The active haptic interfaces offer the capability to incorporate sensors to capture and record data for gesture evaluation and assessment. A mock needle and mock ultrasound probe could be incorporated in the haptic interface. Many commercially available haptic devices offer the advantage of being compatible with existing frameworks and libraries, and would be easy for development by appropriate customization. One such customization could be a hand rest for the practitioners along with a knob to hold the needle and prevent it from falling. The selected haptic device must be able to produce the required forces to create a realistic training scenario for the trainees. To produce realistic forces, it is vital to ensure that the mechanical properties of the devices are within the required constraints. Additionally, the respective mathematical models must take the elasticity of the tissues into account, and must not necessarily consider them as rigid structures. Furthermore, the parameters necessary to render the tissues and needle must be determined. For liver, the parameters could be obtained by conducting insertion tests on porcine and bovine samples. For simulations, although the FEM method is proved effective, it does not allow real-time computation; a solution to this could be a hybrid approach. For instance, the CuTFEM approach is faster than the traditional FEM approach, yet it is slow in terms of rendering force feedback. In the hybrid solution, the CuTFEM approach is reported promising. Pellicer-Valero et al. (2020) apply a ML technique to a large dataset of liver models that are created using the FEM approach; the algorithm achieves good outcomes by enabling real-time force simulation on the liver with a Euclidean error of less than 1 mm. Another additional variable using AR and haptics for training in PLB could visually illustrate the insertion point along with the angle of insertion.

6 Conclusion

Haptics could be integrated to provide feedback if the angle of insertion is different from the illustrated angle.
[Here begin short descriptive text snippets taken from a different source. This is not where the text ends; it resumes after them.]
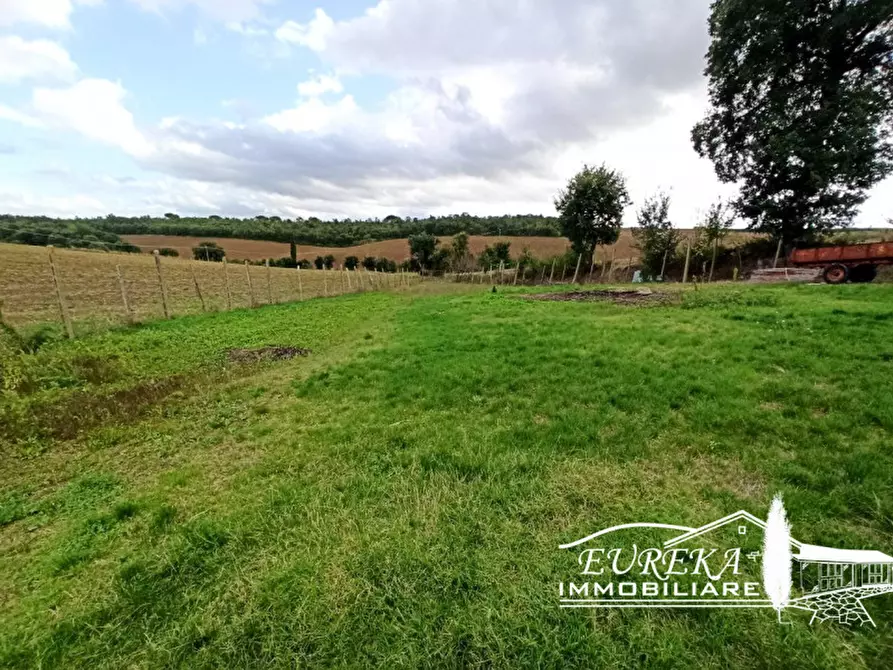 Immagine 2 di Terreno in vendita  a Castiglione Del Lago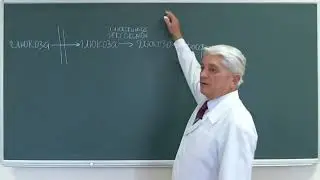 16:40-18:10 Интеграция обмена углеводов, липидов и белков  Нарушения метаболизма при сахарном диабет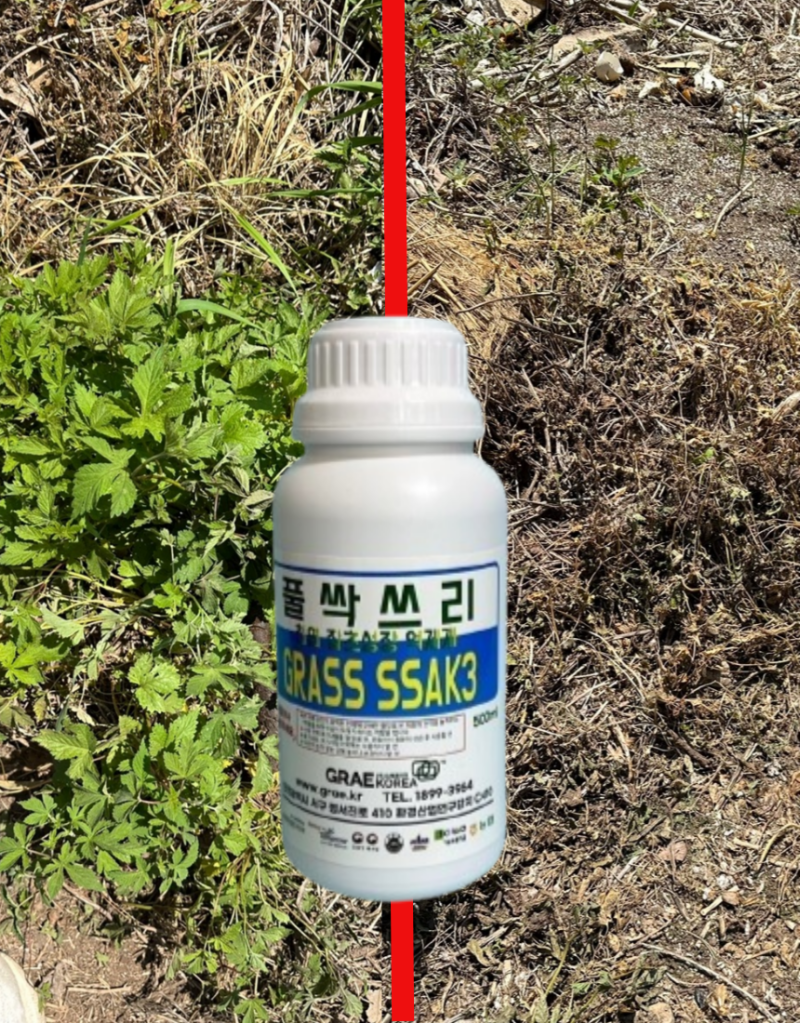 친환경 제초제의 효과는?! 풀싹쓰리33333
Additionally, if the needle’s path deviates from the ideal trajectory path, haptics could be of help. Embedding sensors in training simulators to record data could be a solution for future developments. Furthermore, evaluating different AR and haptic devices, mathematical models/methods and classifying them based on their utility and performance could help the developers select the optimal approach when developing an AR haptic simulator for PLB training. To conclude, AR and haptic interaction, when integrated could provide a realistic, efficient, and immersive training simulator.